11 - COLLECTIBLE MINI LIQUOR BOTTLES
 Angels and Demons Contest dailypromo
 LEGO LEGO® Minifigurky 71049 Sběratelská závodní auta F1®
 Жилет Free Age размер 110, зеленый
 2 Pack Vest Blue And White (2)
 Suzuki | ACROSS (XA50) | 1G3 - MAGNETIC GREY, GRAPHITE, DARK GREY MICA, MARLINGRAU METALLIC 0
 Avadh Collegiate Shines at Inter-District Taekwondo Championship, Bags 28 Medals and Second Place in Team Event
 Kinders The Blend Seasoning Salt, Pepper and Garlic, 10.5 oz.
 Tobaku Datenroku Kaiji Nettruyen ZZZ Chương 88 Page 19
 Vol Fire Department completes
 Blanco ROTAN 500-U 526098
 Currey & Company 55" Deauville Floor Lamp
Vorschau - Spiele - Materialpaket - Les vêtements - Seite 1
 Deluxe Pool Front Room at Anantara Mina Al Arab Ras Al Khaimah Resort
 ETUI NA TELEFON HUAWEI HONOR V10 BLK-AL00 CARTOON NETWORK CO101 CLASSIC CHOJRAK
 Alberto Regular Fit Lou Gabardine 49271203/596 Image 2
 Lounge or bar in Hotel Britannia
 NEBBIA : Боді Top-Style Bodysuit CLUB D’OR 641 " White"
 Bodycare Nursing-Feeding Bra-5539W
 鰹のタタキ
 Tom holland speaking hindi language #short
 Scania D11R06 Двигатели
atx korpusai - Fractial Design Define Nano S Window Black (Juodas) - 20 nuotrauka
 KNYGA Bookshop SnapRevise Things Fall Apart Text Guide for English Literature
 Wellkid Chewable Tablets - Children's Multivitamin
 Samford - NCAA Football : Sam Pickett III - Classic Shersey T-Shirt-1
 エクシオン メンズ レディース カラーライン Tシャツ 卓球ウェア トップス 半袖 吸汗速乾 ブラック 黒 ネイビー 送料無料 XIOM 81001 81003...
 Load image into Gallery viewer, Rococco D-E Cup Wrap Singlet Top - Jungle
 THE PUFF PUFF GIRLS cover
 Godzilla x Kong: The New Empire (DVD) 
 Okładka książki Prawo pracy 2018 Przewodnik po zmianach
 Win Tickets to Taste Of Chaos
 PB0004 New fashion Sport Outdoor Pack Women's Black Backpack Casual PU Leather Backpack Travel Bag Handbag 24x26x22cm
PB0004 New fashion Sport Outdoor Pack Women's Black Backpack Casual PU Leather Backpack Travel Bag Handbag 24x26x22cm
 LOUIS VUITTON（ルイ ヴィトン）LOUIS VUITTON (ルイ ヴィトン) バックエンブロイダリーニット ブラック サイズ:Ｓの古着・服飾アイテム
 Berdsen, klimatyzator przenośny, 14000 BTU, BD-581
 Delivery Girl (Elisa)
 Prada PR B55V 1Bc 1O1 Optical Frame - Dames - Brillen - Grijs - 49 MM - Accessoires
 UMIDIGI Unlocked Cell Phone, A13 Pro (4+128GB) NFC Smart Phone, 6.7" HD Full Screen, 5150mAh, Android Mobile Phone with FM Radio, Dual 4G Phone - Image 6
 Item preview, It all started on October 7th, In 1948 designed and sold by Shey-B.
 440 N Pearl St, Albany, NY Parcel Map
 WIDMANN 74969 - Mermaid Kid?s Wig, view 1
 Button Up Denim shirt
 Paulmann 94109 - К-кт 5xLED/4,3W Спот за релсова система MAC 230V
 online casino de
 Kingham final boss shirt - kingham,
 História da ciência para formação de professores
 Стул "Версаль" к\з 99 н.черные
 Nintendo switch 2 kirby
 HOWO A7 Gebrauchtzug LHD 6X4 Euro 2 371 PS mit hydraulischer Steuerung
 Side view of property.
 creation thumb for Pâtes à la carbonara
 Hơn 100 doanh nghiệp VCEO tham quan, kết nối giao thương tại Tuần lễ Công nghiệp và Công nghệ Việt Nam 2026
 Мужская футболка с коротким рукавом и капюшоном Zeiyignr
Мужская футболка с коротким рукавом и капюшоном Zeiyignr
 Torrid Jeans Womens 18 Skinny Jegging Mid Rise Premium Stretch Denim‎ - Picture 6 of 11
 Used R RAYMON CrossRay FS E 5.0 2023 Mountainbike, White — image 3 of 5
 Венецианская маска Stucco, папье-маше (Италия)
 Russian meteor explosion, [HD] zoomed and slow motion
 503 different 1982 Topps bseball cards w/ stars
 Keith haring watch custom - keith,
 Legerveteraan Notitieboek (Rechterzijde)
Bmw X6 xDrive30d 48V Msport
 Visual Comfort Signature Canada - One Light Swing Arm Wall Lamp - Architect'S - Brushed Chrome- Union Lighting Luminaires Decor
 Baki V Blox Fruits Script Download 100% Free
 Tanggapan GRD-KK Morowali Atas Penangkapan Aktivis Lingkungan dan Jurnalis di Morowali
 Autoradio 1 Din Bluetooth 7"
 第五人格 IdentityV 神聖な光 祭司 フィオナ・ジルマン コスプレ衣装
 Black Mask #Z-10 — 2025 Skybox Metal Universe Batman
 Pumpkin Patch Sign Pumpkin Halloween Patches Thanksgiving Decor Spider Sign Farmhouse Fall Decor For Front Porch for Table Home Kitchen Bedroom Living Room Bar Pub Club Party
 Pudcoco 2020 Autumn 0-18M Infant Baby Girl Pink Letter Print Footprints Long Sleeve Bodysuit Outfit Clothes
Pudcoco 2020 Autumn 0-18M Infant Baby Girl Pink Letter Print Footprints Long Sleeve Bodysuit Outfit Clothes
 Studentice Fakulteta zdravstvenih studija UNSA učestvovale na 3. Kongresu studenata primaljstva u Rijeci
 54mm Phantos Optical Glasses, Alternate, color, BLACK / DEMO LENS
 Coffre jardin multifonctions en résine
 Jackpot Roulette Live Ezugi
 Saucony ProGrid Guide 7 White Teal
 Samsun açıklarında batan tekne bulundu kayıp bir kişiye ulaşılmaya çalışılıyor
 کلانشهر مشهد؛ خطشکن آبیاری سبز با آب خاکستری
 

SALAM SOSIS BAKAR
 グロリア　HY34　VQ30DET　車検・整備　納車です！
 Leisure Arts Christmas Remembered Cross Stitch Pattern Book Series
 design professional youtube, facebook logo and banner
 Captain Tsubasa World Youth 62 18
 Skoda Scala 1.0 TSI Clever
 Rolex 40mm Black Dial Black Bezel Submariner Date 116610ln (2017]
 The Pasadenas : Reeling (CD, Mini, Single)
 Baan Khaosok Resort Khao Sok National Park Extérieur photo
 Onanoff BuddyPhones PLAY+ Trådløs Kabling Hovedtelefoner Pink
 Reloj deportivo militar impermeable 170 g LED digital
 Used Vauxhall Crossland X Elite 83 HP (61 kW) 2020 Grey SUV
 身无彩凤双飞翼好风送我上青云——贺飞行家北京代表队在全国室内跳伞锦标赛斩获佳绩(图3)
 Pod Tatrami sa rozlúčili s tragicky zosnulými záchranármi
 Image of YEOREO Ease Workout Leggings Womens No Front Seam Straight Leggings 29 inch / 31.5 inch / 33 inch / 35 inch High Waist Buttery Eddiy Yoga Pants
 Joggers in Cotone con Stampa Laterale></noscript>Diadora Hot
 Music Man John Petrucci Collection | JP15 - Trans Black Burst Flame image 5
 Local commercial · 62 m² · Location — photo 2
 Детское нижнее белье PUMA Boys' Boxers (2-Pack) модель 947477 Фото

### ASSIGNMENT
If a line contains the string "Мужская", it counts toward the total; state that total for the records above and nothing more.

### RESULT OF THE EXERCISE
2